When you copy the records that follow, please keep every word exactly as it is and leave out the pictures.

____ RECORD EXCERPTS

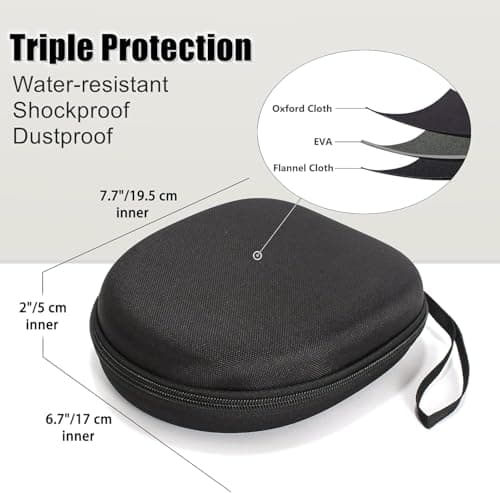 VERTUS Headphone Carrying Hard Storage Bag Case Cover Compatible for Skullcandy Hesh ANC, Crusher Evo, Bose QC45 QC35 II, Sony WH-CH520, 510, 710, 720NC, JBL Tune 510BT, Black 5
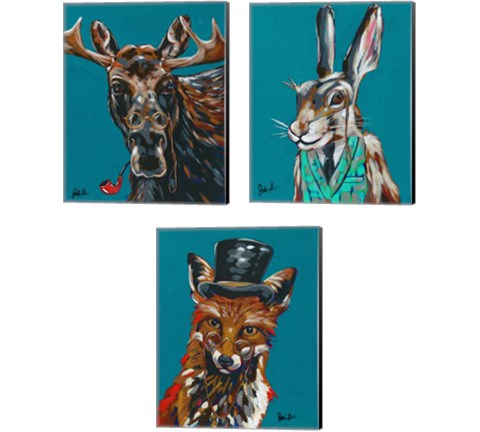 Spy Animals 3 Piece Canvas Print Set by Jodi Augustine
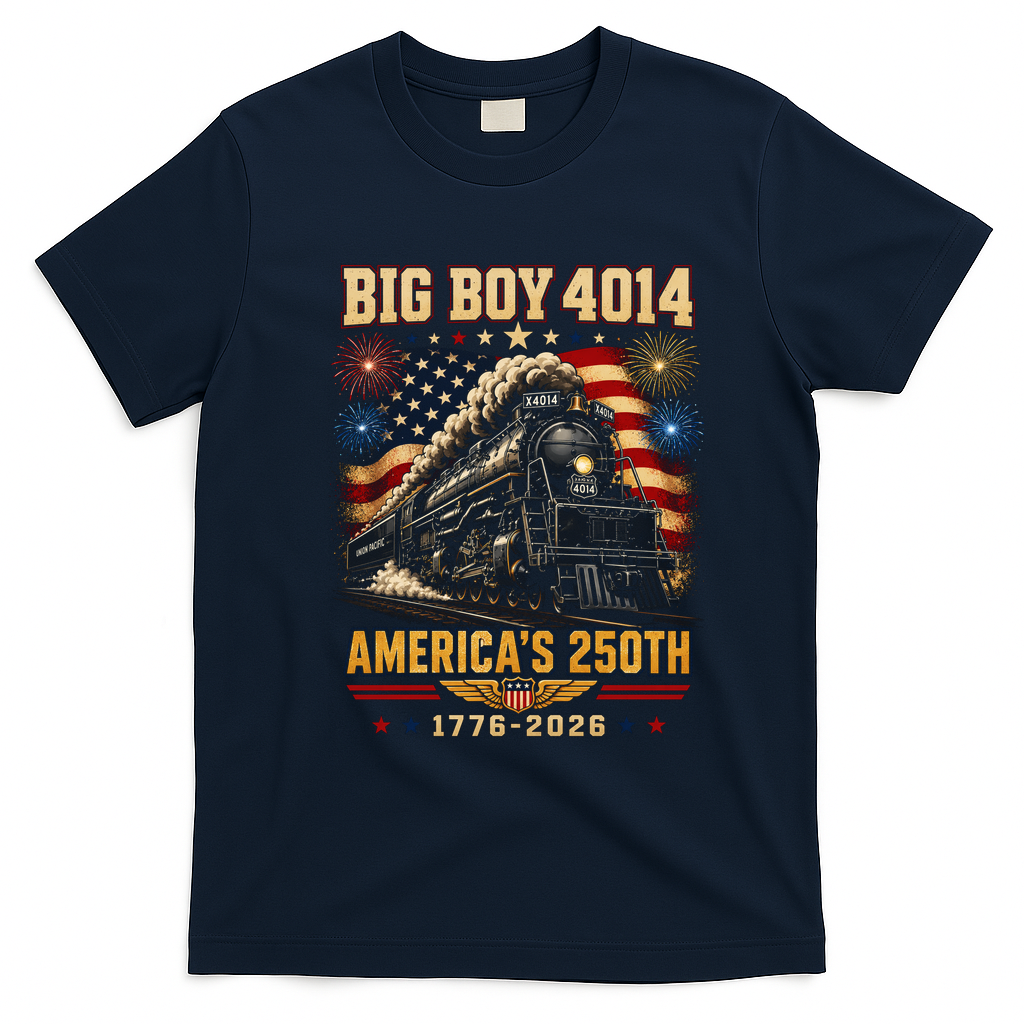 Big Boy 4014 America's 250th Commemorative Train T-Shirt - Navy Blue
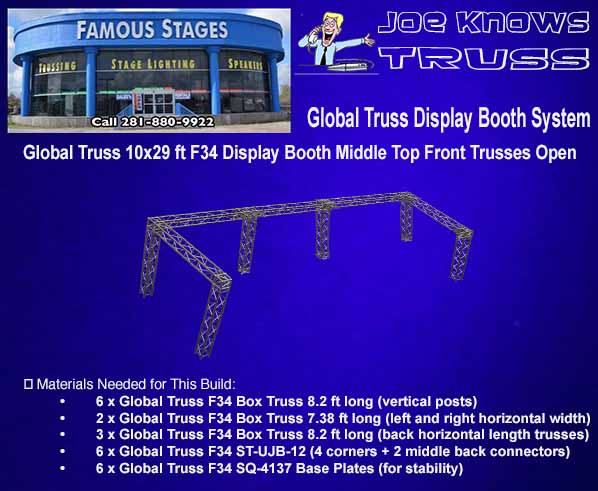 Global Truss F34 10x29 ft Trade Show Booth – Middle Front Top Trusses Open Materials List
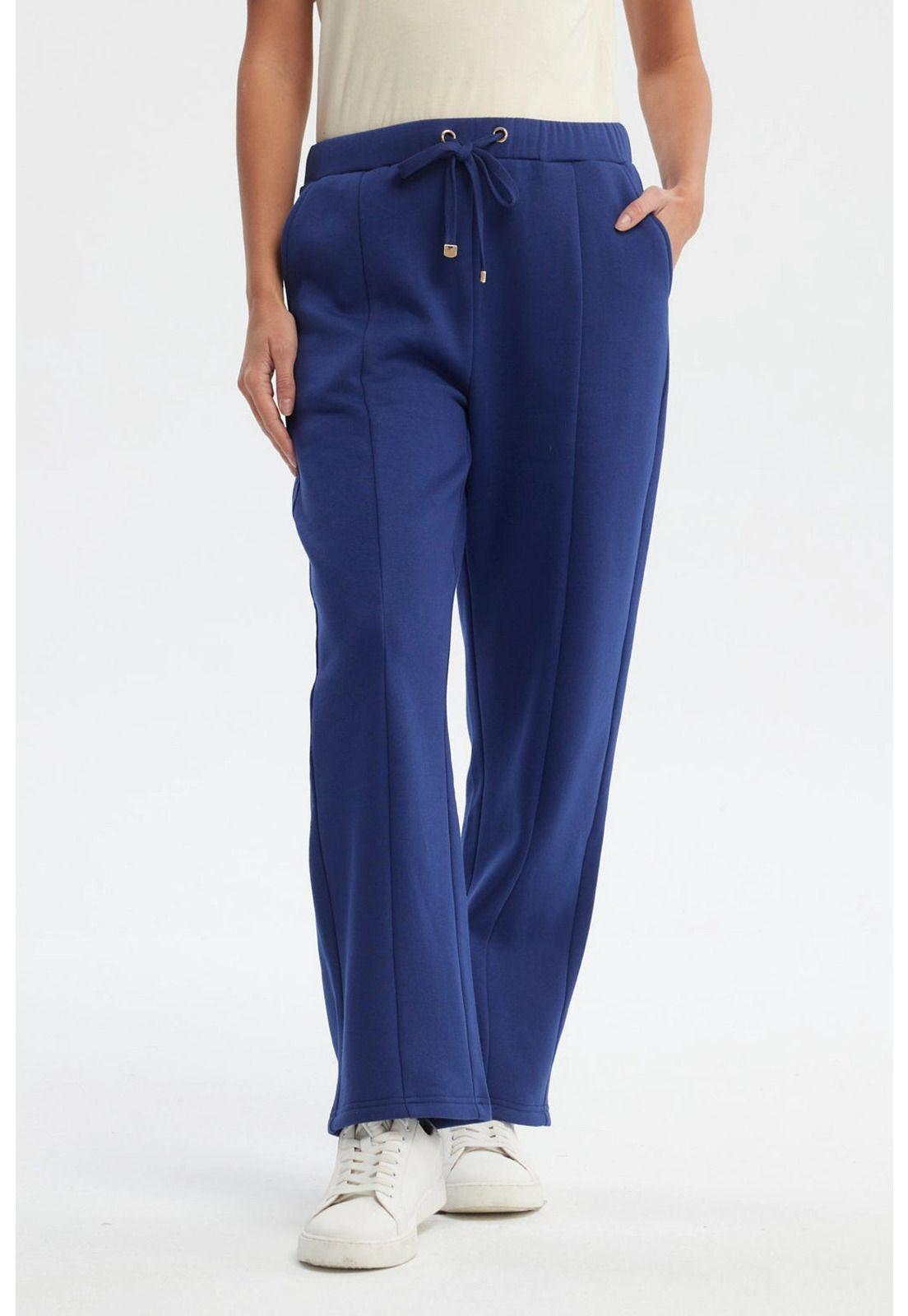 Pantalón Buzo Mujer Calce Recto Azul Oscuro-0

________

SOLUTION FOR THIS EXERCISE:
 VERTUS Headphone Carrying Hard Storage Bag Case Cover Compatible for Skullcandy Hesh ANC, Crusher Evo, Bose QC45 QC35 II, Sony WH-CH520, 510, 710, 720NC, JBL Tune 510BT, Black 5
 Spy Animals 3 Piece Canvas Print Set by Jodi Augustine
 Big Boy 4014 America's 250th Commemorative Train T-Shirt - Navy Blue
 Global Truss F34 10x29 ft Trade Show Booth – Middle Front Top Trusses Open Materials List
 Pantalón Buzo Mujer Calce Recto Azul Oscuro-0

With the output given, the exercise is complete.